Three years ago, companies were wary of artificial intelligence because it had not yet made the transition from cutting-edge technology to everyday implementation. Then the COVID pandemic brought home the importance of digital transformation, and everything changed.
Gaining value from data insights became a high priority, and businesses saw the power that AI could bring.
“Organizations are really thirsty to figure out how do we actually add customer value,” said Vidya Setlur (pictured), head of research at Tableau Software LLC. “How do we actually build products where AI can move from a simple, cute proof of concept working in a lab to actual production?”
Setlur spoke with Lisa Martin, host of theCUBE, SiliconANGLE Media’s livestreaming studio, in advance of the Women in Data Science (WiDS) Worldwide Conference 2022. They discussed enterprise adoption of AI and what makes intelligent visual analytics tools really intelligent.

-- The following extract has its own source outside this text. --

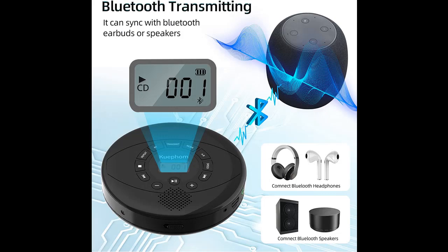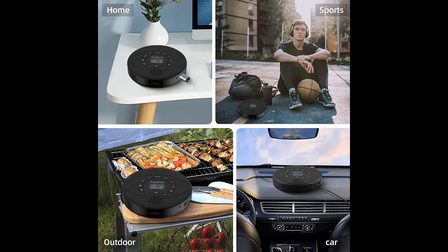Receive and Transmit: The Bluetooth CD player can sync with your mobile phone for audio streaming. It can also transmit Bluetooth for pairing — you will hear the sound from your Bluetooth earbuds or car speakers after they are paired successfully.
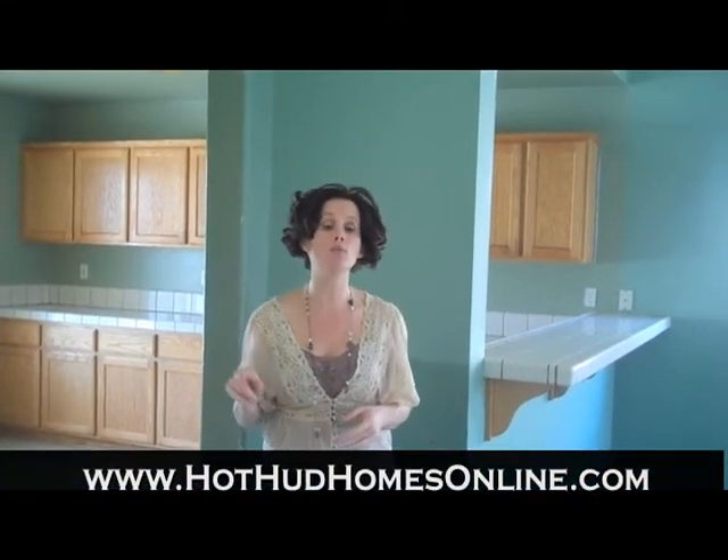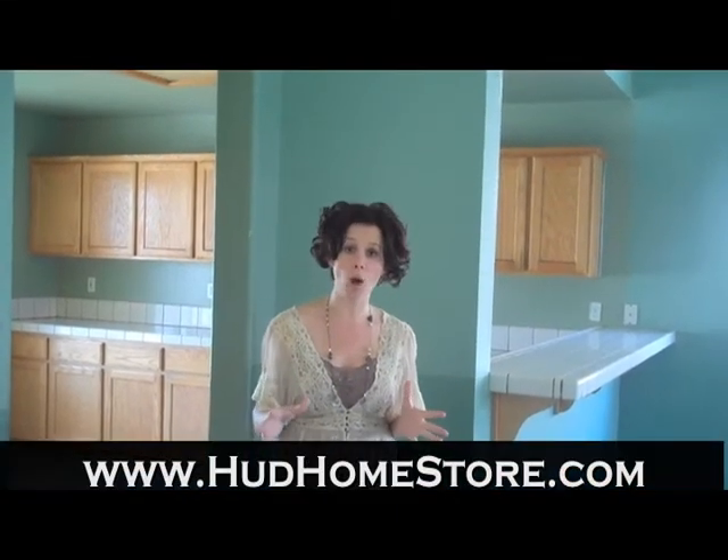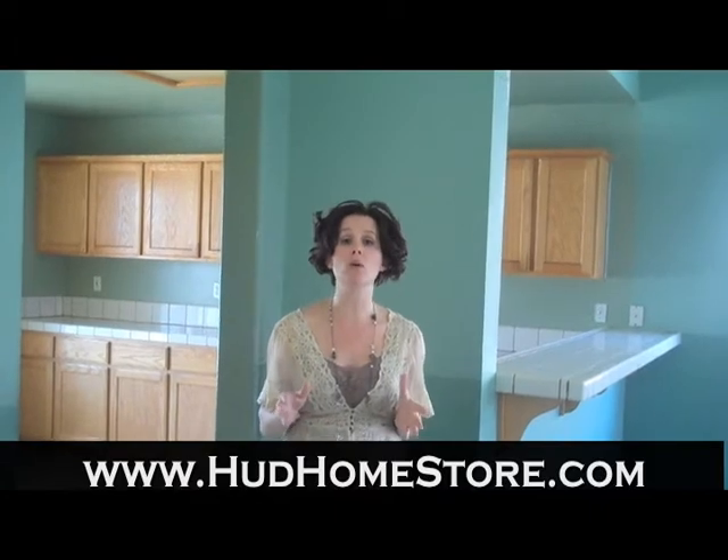For more information about this home, come on over and visit us at www.hothudhomesonline.com, or to search for any HUD home nationwide, visit www.hudhomestore.com. I look forward to seeing you next week.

Organizations using AI must be data literate
Adoption of AI continues to increase as companies accelerate their digital journey. But as they search for ways to create value through AI, businesses have to be aware of the dangers of irresponsible data use, Setlur pointed out.

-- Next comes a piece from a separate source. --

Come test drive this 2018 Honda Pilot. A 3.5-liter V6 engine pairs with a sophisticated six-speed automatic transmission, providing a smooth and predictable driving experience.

AI has become commonplace in society, simplifying previously tedious tasks, such as mapping a route, adding filters to an image, and language translation. But while AI has proved itself in taking care of repetitive tasks, it’s not always accurate. Setlur uses machine translation as an example.
“You open up a Google page in Spanish, and you can hit auto-translate,” she said. “And it will convert it into English. Now, is it perfect? No. But is it good enough? Yes.”
But good enough isn’t acceptable if the AI is set loose to make decisions that affect business operations, and people’s lives, without any oversight.
As organizations build AI into their applications, they must become data literate, according to Setlur. This means making data a first-class citizen within the company culture and understanding the data that feeds into the algorithms. Looking for hidden biases and acknowledging where there are limitations in the data is important, as is being completely transparent about data practices and sharing them with customers. This can only happen if the human maintains control over the AI, according to Setlur.
“If these experiences are designed where humans are, in fact, in the driver’s seat … they can intervene and correct and repair the system if they do see certain types of oddities that come into play with these algorithms,” she said.